За время заведования заповедником Романов написал два очень содержательных отчета – за 1935 и 1936 гг., а также опубликовал статью о заповеднике в журнале «Советское краеведение».

Интересно, что подобно Дубровскому, Романов продолжал писать о гаге и после расставания с заповедником – в 1947 г. в трудах Карело-Финского учительского института вышла его большая статья «Гага Карельского побережья Белого моря».

 

 

Работа Романова, связанная с заповедником, закончилась в 1939 г., когда его призвали на Финскую войне. Там он получил ранение и тяжелую контузию, и даже был похоронен живым (по рассказу вдовы Романова, пересказанному Т.Д. Паневой).

Поэтому на следующую войну Романов уже не попал, и всю войну проработал воспитателем в Сегилеевском детдоме в Ульяновской области.

 

 

После войны он вернулся в Петрозаводск, два года работал учителем географии в школе, а потом стал по совместительству работать ещё и в карельском отделении АН. Участвовал в работе Западно-Карельской комплексной экспедиции (1948-53). В частности, занимался изучением природных ресурсов бассейна р.Кеми.

И даже начал писать диссертацию, собрал для неё много материалов, но до защиты так и не довел.

 

В 1964 г. вышел на пенсию, а в 1966 г. скончался.

 

В библиотеке Карельского НЦ РАН мне помогли найти большую часть публикаций Романова. Самая известная из них – брошюра «О климате Карелии», она издавалась дважды.

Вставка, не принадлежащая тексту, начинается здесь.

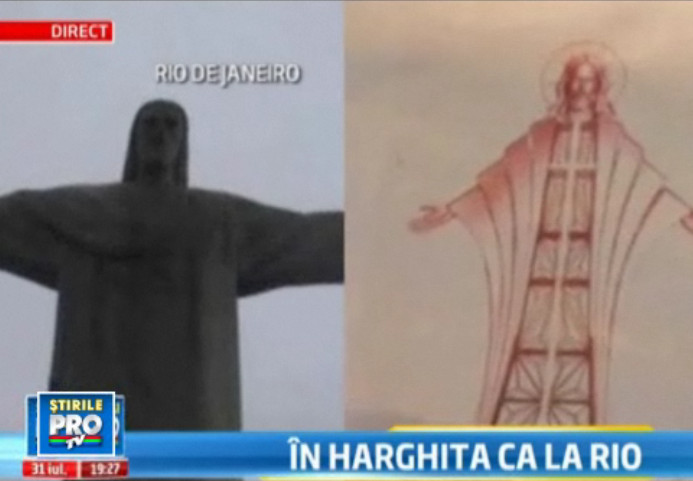 Atractia turistica a orasului Rio,mutata in inima Harghitei. Statuia lui Iisus, in replica mioritica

Таков был жизненный путь первого заведующего заповедника.

 

 

 

Восстановление биографических данных Дубровского и Романова оказалось не самым легким делом. Поначалу даже было не понятно, куда обращаться, где искать информацию. Здесь перечислены все учреждения, в которые я обращалась, некоторые из них оказались пустышками, но в большинстве, к счастью, удалось собрать разные отрывочные сведения и сложить из них пазл.

Во всех этих поисках совершенно неоценимую и бескорыстную помощь оказала Маргарита Емелина, сотрудник ААНИИ, за что ей низкий поклон.